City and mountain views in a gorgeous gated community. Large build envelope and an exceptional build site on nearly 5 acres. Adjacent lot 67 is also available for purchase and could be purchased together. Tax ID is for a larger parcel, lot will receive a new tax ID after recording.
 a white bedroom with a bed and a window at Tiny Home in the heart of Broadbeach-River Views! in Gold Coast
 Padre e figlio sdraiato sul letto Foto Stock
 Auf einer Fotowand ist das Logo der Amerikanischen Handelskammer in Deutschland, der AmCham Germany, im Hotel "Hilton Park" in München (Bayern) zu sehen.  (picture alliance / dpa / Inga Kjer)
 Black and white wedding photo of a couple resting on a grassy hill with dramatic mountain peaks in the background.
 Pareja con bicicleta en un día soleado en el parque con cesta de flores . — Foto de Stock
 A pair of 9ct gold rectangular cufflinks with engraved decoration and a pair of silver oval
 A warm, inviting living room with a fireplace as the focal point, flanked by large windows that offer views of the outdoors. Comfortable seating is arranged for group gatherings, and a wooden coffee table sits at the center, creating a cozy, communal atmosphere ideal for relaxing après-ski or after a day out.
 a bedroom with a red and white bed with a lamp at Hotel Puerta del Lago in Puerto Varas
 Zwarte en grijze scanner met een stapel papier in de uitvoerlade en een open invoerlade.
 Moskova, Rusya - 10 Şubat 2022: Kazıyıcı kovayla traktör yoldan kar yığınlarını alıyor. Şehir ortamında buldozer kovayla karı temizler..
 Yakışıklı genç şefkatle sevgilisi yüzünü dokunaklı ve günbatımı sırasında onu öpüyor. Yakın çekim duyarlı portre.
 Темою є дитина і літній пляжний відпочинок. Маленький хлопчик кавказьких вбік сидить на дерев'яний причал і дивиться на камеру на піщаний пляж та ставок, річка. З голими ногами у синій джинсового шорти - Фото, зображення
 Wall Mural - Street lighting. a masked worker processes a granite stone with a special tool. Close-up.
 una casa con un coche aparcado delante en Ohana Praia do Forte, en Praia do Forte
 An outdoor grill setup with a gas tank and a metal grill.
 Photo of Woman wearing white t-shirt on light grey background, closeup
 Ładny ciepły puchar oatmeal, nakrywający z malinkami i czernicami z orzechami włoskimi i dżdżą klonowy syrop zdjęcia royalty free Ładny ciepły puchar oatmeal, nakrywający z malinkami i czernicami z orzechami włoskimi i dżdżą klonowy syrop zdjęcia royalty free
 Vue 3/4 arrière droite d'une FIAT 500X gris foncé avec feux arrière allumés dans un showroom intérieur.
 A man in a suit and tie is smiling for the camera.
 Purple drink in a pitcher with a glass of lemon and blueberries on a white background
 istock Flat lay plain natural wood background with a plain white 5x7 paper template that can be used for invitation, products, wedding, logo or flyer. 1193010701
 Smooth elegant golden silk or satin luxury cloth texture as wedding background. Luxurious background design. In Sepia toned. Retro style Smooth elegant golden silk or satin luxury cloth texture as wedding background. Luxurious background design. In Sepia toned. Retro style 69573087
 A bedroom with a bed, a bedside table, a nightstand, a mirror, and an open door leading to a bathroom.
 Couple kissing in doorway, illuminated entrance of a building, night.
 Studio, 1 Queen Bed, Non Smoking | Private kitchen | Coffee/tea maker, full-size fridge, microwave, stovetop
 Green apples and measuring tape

| TASK REQUIREMENTS |
Would you return exactly, and only, the lines beginning at the one with "A bedroom with a bed, a" and ending at the last line of the listing?

| SOLUTION FOR THIS TASK |
 A bedroom with a bed, a bedside table, a nightstand, a mirror, and an open door leading to a bathroom.
 Couple kissing in doorway, illuminated entrance of a building, night.
 Studio, 1 Queen Bed, Non Smoking | Private kitchen | Coffee/tea maker, full-size fridge, microwave, stovetop
 Green apples and measuring tape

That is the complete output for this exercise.